“When God made the first clay model of a human being he painted in the eyes , the lips, and the sex. Then he painted in each persons name lest the owner should ever forget it. If god approved on his creation he brought the painted clay into life by signing his own name…’’
1996 yapımı “The Pillow Book” adlı filmin açılışında bu replikleri duyarken bir yandan da yönetmeni Peter Greenaway’in bu sözleri görselleştirmesine tanık oluruz. Özetle, küçük bir kız çocuğunun (Nagiko’nun küçüklüğü) yüzünün boyanmasını izleriz. Tanrı insanı yaratırken, gözlerini yaratırken yanaklar boyanır, cinsiyetini belirlediğinde sıra dudaklardadır. Yapıtını bitirip kendi adını yazarken de kızımızın ense kısmına imza atılır.
“Tuval Bedenler” olarak Türkçe’ye çevrilen ve Peter Greenaway’in yönetmenliğini yaptığı “The Pillow Book”, onuncu yüzyıl Japonya’sından Sei Sonagon’un kitabına dayanır. Filmde genç bir Japon kadını olan Nagiko (Vivian Wu), aşığı Jerome’un (Ewan McGregor) bedeni üzerine mektuplar ve öyküler yazar. Jerome, canlı el yazması olarak Nagiko’nun yayımcısı adama gider ve onunla ilişki yaşar. Bundan sonra ihanet, bedenler üzerinde ölüm ilanları olarak yayınlanmaya ve klasik tabirle; olaylar gelişmeye başlar.

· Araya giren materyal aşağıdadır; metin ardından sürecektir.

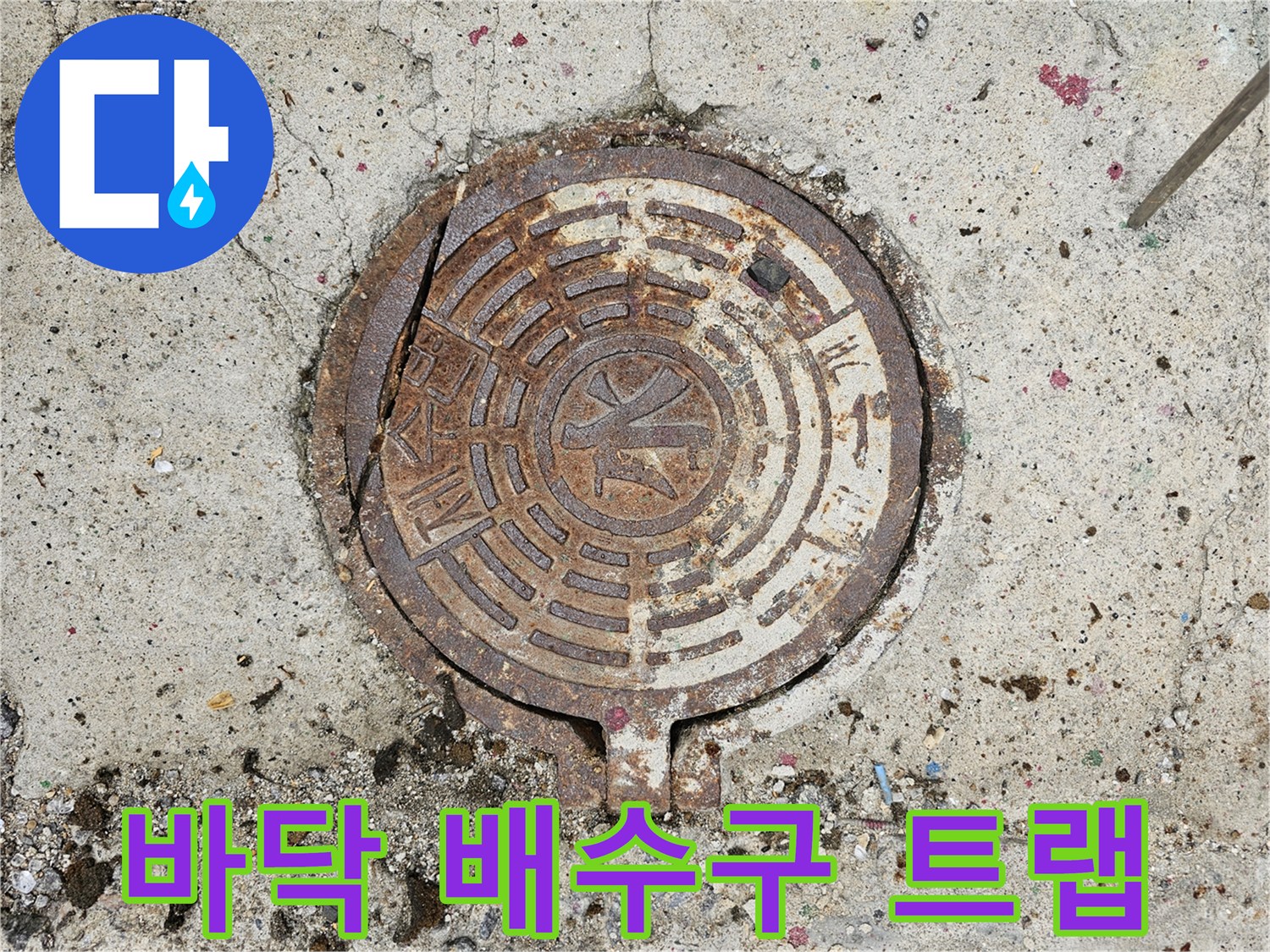 습기가 머물러 있는 현관 바닥의 철제 배수 덮개 상세 사진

Mimar, ressam ve yönetmen olarak birçok filme imza atan Greenaway, sinemasal anlatım sınırlarını zorlar ve hatta alt üst eder. Film şeridi paletindeki renkler diyebileceğimiz öykü, anlatım, görsellik renklerini karıştırır ki, bunu “Tulse Luper’in Çantaları” serisinde rahatlıkla, paradoksal olarak zorlanarak görebiliriz. Tulse’nin tuğla efektli çantalarında konuşulan şey, kulağa ve göze aynı anda çarpar. Yani sözcükler, sözel ve görsel olarak eş zamanlıdır. Aktörler yer değiştirir, diyalogları yer değiştirir; bu arada diyaloglar akar, müzik yükselir, perde karışır. Anlatımdan çok sekansa önem verir ki, Hollywood filmlerinin anlatımına karşı olması burada kendini gösterir. Greenaway’in yönetmen olarak Alain Resnais’in ideal sinemasına yakın olduğunu belirttiğini duyduğumda, “ikisi de hafızamızı zorluyor” diye düşünmüştüm ki, burada anlatımcı yapıyı bozma söz konusudur. Resnais, “Hiroşima Sevgilim” ve “Geçen Yıl Mariebad’da” filmlerinde belleğe yönelir. Greenaway ise ondan farklı ve benzer olarak imge ve sözcüklerin sayısız kombinasyonuyla kendi ideal sinemasına doğru ilerlemektedir. Zaman ve mekân onun çoklu karelerinde yeniden yapılandırılır.
Aşçıyız, Hırsızız, Karısıyız ve Nihayetinde Aşığıyız!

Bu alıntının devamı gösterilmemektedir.